Zero Boys, Vicious Circle

Matt Boyd

Zero Boys, Vicious Circle [Secretly Canadian]

On January 20 Secretly Canadian re-released 1982’s Vicious Circle, Indianapolis’ Zero Boys’ influential and tasty punk platter, giving fresh ears the chance to hear what, in retrospect, was probably the foundation for the first perfect pop hardcore album.

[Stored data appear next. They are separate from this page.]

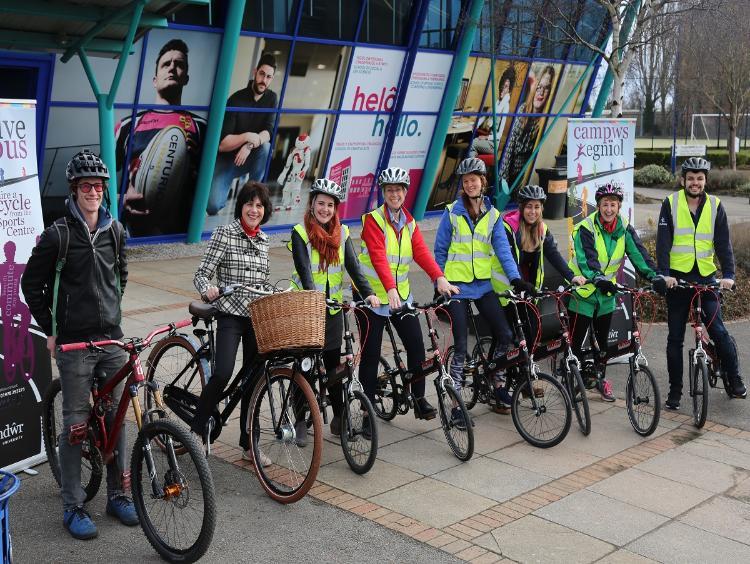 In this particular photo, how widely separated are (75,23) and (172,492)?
33.0 feet

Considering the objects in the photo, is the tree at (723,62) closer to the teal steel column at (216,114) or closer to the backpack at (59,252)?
the teal steel column at (216,114)

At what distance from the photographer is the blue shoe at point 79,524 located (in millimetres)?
5152

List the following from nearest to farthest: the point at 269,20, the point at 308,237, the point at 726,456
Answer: the point at 308,237 < the point at 726,456 < the point at 269,20

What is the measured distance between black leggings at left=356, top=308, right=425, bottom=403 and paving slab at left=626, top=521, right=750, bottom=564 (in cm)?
201

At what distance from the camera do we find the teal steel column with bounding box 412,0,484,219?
20500mm

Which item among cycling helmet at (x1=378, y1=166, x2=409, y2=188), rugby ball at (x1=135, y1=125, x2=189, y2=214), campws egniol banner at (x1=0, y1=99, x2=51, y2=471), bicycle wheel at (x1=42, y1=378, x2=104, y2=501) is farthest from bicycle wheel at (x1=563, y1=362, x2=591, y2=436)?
rugby ball at (x1=135, y1=125, x2=189, y2=214)

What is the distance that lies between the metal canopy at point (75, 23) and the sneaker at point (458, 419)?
8.20 metres

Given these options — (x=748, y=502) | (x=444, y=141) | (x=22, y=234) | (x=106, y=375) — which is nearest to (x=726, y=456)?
(x=748, y=502)

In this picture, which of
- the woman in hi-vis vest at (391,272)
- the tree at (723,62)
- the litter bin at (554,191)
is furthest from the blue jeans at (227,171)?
the tree at (723,62)

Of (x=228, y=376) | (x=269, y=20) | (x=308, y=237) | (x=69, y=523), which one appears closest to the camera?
(x=69, y=523)

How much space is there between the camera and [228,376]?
580 centimetres

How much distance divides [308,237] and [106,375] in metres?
1.65

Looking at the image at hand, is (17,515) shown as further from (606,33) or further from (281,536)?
(606,33)

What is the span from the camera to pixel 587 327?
7.84 metres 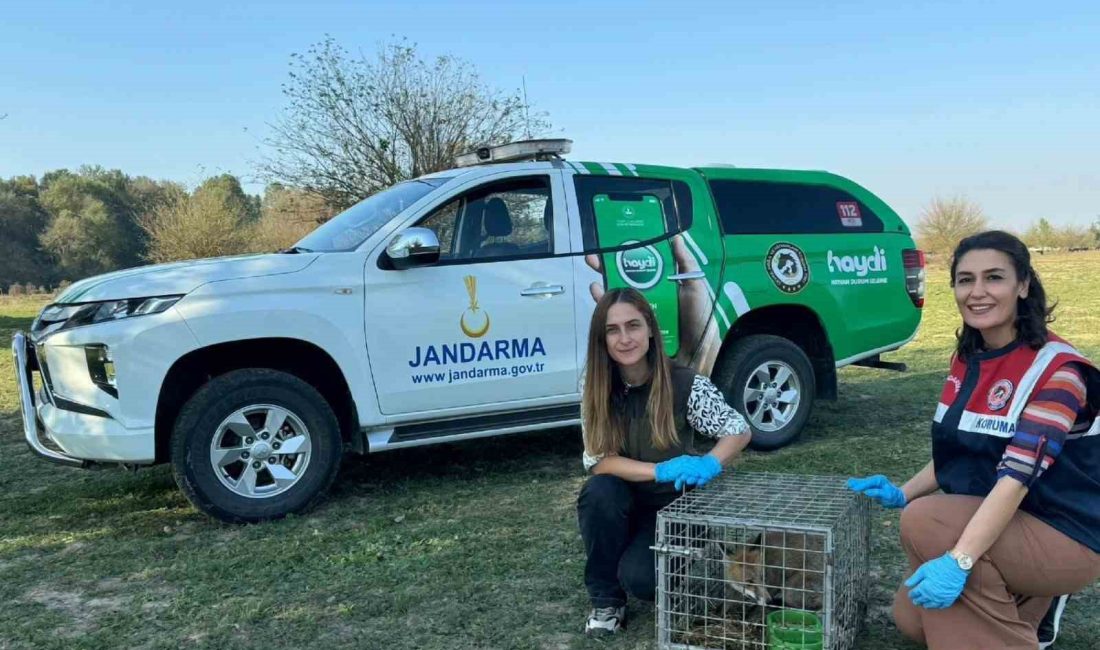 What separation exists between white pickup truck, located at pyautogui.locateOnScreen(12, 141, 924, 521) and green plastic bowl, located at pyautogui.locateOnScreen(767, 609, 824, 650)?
248cm

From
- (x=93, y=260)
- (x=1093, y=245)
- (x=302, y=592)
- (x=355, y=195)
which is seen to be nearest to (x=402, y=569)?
(x=302, y=592)

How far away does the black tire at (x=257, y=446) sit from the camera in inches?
168

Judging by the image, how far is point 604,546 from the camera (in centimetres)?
311

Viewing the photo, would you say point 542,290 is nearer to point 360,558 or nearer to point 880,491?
point 360,558

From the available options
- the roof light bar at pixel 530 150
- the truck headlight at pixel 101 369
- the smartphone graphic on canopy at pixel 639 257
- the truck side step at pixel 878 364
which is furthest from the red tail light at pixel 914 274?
the truck headlight at pixel 101 369

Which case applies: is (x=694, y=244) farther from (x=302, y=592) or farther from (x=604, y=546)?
(x=302, y=592)

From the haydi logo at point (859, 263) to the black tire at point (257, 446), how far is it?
3673 mm

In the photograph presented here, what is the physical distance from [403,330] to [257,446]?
971mm

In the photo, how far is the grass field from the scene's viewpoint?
3.16m

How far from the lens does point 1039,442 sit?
7.81 feet

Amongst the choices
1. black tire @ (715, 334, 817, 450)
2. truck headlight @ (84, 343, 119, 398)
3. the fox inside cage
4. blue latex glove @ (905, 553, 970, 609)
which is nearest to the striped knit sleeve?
blue latex glove @ (905, 553, 970, 609)

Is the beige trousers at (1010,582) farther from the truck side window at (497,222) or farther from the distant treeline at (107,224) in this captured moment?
the distant treeline at (107,224)

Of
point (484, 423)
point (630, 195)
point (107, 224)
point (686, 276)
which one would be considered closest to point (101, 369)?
point (484, 423)

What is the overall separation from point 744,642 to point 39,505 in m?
4.30
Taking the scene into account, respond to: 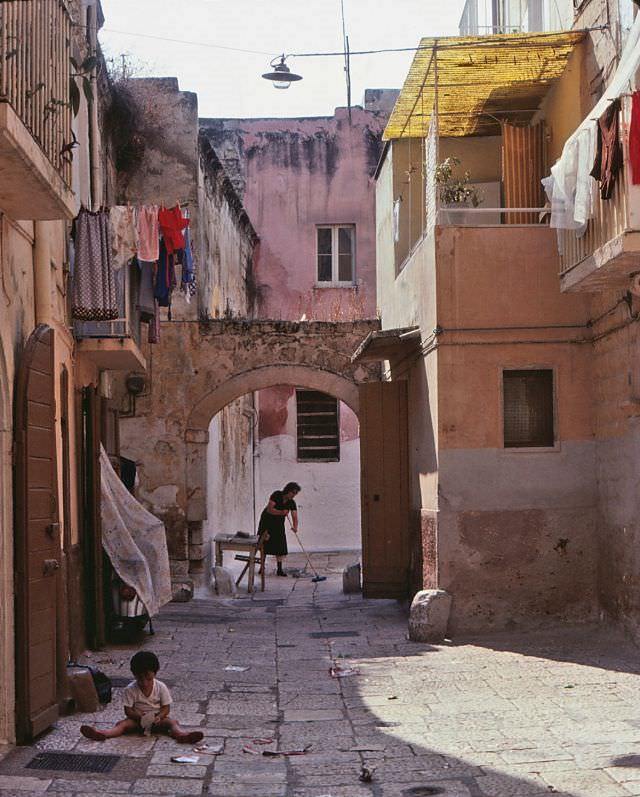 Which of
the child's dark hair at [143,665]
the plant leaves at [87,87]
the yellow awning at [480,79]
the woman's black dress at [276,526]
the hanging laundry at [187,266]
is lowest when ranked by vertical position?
the child's dark hair at [143,665]

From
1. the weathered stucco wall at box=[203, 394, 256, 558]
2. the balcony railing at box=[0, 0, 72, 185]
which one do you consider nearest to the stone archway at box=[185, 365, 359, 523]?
the weathered stucco wall at box=[203, 394, 256, 558]

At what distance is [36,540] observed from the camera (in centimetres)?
786

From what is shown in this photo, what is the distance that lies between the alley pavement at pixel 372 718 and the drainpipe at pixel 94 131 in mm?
5410

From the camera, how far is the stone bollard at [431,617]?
38.7 ft

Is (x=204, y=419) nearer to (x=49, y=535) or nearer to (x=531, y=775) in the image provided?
(x=49, y=535)

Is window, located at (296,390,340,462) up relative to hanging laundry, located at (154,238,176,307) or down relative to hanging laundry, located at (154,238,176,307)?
down

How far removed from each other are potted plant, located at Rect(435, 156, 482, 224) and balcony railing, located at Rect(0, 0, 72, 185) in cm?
539

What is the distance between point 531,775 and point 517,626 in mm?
5387

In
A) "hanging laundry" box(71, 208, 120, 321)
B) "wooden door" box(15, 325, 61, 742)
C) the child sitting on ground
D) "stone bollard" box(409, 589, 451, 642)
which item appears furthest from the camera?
"stone bollard" box(409, 589, 451, 642)

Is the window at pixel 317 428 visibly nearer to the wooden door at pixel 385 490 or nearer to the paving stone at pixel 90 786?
the wooden door at pixel 385 490

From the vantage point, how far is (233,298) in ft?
75.4

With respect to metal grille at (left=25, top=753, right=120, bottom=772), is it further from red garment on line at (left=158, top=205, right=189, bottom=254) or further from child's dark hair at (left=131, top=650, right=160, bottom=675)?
red garment on line at (left=158, top=205, right=189, bottom=254)

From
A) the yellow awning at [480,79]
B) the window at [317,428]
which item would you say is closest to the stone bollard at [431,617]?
the yellow awning at [480,79]

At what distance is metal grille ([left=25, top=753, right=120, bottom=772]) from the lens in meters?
7.01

The production is bright and loud with a sinister boom to the bottom end. This, along with the furious and intricate guitar riffs, serves to push the music beyond the limited scope of hardcore into the mainstream rock vein. In fact, most of the album sounds a lot like another band that successfully built a fanbase on harder roots carried into the mainstream. “Dirty Alleys/Dirty Minds” all but functions as a blueprint for Guns ‘n Roses’ “Welcome to the Jungle”, so much so that even Axl’s high-pitched whine is presaged in frontman Paul Mahern’s sneering admonishments that you “better run little boy, better run little girl… This ain’t the safe Midwest.” It’s the classic riches to rags, midwest ingénue travels to the coast story foretold a short five years before Appetite for Destruction came out. Track “Hightime” is the Donnas’ formula perfected before they were out of short pants and into shorter ones.

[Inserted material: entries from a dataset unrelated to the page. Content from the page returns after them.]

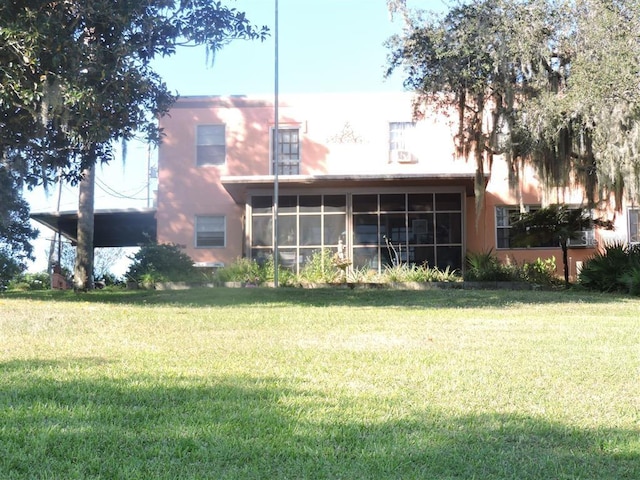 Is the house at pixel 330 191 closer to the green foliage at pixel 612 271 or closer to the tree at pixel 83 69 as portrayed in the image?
the green foliage at pixel 612 271

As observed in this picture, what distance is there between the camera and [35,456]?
323 centimetres

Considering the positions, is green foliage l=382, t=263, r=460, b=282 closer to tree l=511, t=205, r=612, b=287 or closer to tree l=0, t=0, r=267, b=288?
tree l=511, t=205, r=612, b=287

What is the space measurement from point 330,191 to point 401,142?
11.3 ft

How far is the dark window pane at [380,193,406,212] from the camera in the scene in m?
21.1

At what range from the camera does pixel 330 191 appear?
2122 centimetres

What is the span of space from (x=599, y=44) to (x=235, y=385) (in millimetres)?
12275

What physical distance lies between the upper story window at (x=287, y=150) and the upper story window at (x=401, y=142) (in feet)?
10.1

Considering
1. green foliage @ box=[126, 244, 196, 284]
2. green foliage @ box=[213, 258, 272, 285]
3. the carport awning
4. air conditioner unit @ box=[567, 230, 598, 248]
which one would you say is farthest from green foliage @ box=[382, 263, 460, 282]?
the carport awning

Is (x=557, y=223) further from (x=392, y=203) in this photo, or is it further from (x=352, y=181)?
(x=352, y=181)

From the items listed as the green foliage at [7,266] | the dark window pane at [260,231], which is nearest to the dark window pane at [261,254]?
the dark window pane at [260,231]

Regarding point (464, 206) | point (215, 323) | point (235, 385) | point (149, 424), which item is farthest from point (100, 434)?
point (464, 206)

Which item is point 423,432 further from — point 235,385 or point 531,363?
point 531,363

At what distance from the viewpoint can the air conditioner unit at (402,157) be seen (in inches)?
898

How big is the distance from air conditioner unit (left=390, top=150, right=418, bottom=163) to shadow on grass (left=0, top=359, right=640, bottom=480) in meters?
18.8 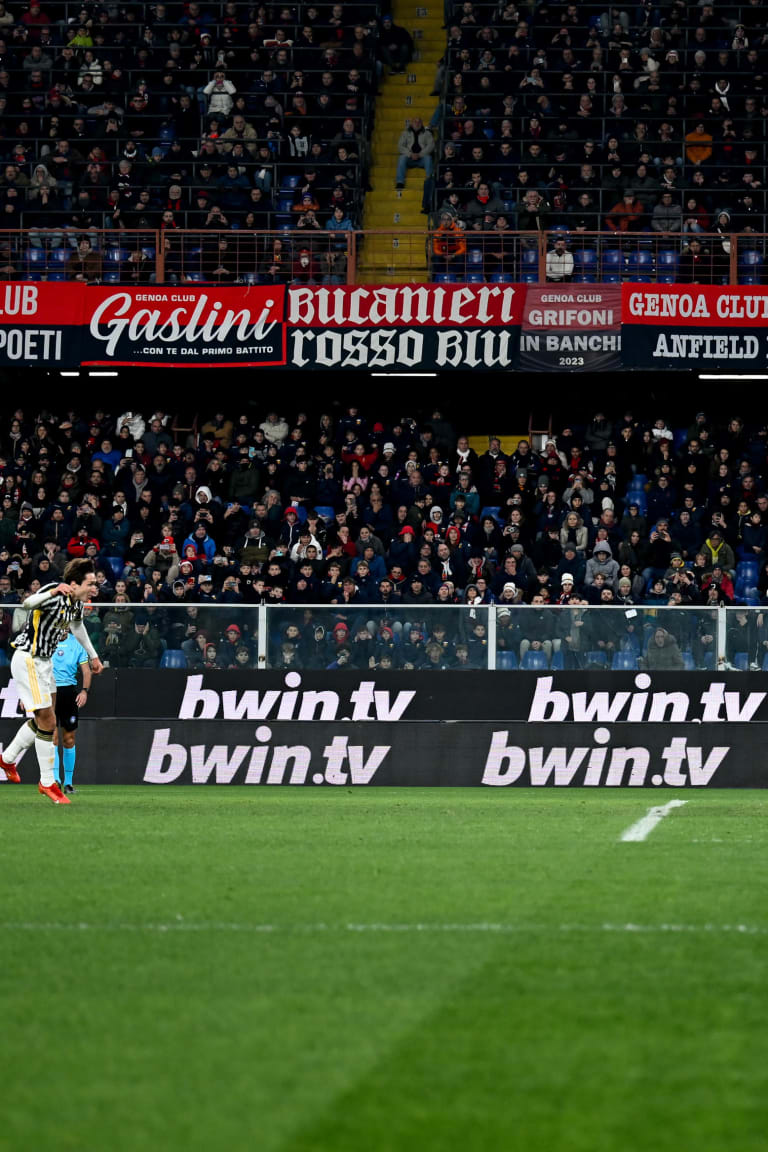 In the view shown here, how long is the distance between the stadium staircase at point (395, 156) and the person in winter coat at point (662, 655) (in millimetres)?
10869

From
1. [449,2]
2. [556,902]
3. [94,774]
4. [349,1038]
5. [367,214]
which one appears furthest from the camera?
[449,2]

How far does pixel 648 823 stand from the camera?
12.8m

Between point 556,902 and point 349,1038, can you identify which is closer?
point 349,1038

Zero Boys’ sound was formed when the NY and London scene and sound of punk was in full swing with plenty of material for new bands to refer to and build on. The West Coast DIY scene was just gaining a national touring and distribution foothold. The band rose out of this mélange to produce one of the most ferocious and at the same time rock-influenced hardcore records of the day.

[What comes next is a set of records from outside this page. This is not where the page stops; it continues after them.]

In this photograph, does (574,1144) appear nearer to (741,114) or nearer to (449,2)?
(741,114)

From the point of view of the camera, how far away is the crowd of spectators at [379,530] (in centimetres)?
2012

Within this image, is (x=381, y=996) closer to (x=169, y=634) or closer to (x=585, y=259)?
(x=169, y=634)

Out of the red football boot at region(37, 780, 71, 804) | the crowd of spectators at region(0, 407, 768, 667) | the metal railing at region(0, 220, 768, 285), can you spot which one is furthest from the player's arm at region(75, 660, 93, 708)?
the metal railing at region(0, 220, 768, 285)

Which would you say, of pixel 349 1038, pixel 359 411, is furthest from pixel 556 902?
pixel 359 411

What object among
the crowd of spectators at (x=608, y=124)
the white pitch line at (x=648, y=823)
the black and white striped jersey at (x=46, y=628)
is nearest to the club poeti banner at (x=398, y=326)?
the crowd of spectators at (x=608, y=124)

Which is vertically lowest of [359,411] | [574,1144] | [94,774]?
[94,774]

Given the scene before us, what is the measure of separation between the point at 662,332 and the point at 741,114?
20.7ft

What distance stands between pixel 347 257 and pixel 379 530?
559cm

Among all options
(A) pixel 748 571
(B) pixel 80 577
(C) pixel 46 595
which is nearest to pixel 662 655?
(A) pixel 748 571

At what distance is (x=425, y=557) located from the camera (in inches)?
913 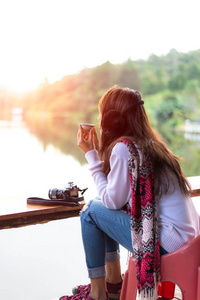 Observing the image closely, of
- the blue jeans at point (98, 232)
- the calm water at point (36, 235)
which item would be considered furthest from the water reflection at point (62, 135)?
the blue jeans at point (98, 232)

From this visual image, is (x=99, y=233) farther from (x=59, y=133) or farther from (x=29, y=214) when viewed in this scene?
(x=59, y=133)

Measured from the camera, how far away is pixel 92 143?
4.79ft

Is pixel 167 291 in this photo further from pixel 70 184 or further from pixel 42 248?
pixel 42 248

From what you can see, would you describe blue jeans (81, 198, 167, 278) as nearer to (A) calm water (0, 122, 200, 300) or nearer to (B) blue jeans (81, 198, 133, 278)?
(B) blue jeans (81, 198, 133, 278)

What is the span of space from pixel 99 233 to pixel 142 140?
1.17 ft

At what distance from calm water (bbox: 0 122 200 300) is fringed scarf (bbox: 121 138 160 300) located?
0.58 m

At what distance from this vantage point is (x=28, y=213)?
5.06ft

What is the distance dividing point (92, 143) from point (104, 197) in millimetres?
255

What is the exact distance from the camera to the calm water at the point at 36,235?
1985 mm

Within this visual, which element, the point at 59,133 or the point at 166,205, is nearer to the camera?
the point at 166,205

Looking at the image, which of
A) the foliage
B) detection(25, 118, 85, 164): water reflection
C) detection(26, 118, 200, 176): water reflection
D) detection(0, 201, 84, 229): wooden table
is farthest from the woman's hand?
detection(25, 118, 85, 164): water reflection

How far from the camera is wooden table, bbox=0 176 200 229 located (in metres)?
1.51

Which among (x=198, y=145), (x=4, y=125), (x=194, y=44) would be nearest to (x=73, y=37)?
(x=4, y=125)

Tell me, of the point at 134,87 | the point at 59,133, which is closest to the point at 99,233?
the point at 134,87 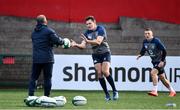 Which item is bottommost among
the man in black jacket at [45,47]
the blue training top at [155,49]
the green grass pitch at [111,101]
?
the green grass pitch at [111,101]

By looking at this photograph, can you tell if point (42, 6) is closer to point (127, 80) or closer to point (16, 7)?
point (16, 7)

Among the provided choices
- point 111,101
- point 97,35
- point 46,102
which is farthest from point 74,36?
point 46,102

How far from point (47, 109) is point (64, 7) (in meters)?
11.4

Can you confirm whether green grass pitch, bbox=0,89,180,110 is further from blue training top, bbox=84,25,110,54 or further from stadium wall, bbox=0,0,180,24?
stadium wall, bbox=0,0,180,24

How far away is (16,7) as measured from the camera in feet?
81.1

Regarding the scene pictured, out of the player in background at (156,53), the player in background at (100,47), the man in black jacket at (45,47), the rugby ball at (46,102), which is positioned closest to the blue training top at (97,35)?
the player in background at (100,47)

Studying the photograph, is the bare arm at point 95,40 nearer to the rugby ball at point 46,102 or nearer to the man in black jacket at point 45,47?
the man in black jacket at point 45,47

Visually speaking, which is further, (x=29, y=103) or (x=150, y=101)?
(x=150, y=101)

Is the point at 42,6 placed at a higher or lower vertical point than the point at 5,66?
higher

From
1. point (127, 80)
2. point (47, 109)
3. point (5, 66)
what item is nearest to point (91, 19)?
point (47, 109)

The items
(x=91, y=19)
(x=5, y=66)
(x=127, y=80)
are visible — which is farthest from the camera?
(x=5, y=66)

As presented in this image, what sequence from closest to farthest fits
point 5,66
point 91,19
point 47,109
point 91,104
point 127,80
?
point 47,109, point 91,104, point 91,19, point 127,80, point 5,66

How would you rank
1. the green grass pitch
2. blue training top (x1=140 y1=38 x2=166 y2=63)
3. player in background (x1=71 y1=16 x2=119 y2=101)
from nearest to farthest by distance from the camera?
the green grass pitch → player in background (x1=71 y1=16 x2=119 y2=101) → blue training top (x1=140 y1=38 x2=166 y2=63)

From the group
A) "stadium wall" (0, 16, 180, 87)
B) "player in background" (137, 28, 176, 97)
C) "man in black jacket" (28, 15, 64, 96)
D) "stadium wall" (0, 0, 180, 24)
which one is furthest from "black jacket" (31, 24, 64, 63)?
"stadium wall" (0, 0, 180, 24)
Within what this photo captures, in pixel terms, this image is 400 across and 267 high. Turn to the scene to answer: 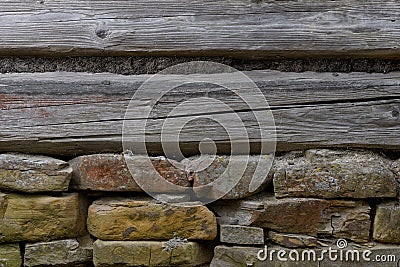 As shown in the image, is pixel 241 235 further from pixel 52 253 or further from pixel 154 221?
pixel 52 253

Mahern was moved to kick the Aerosmith and start a punk band after discovering the Sex Pistols on the cover of rock rag Creem. It’s fitting, then, that this second re-release (it had already been re-pressed in 1988 by label Toxic Shock) should arrive hot in this latest flash of the ‘90s shoegaze/jangle pop pan, just as a slew of new musicians and fans are digging backwards, piecing together the influences of the greatest bands of the late eighties and early nineties they’ve only just heard.

With stellar releases from bands like Dillinger Four, Gaslight Anthem, and Against Me! All in this past year, can we, once the last jangle’s ring has faded from the current reinvention of the ‘90s pop canon, expect someone to come along and, as Against Me! titled one of their albums, try their hand at reinventing Axl Rose?

Vicious Circle gives a damn good reason go ahead and push that cycle through one more time.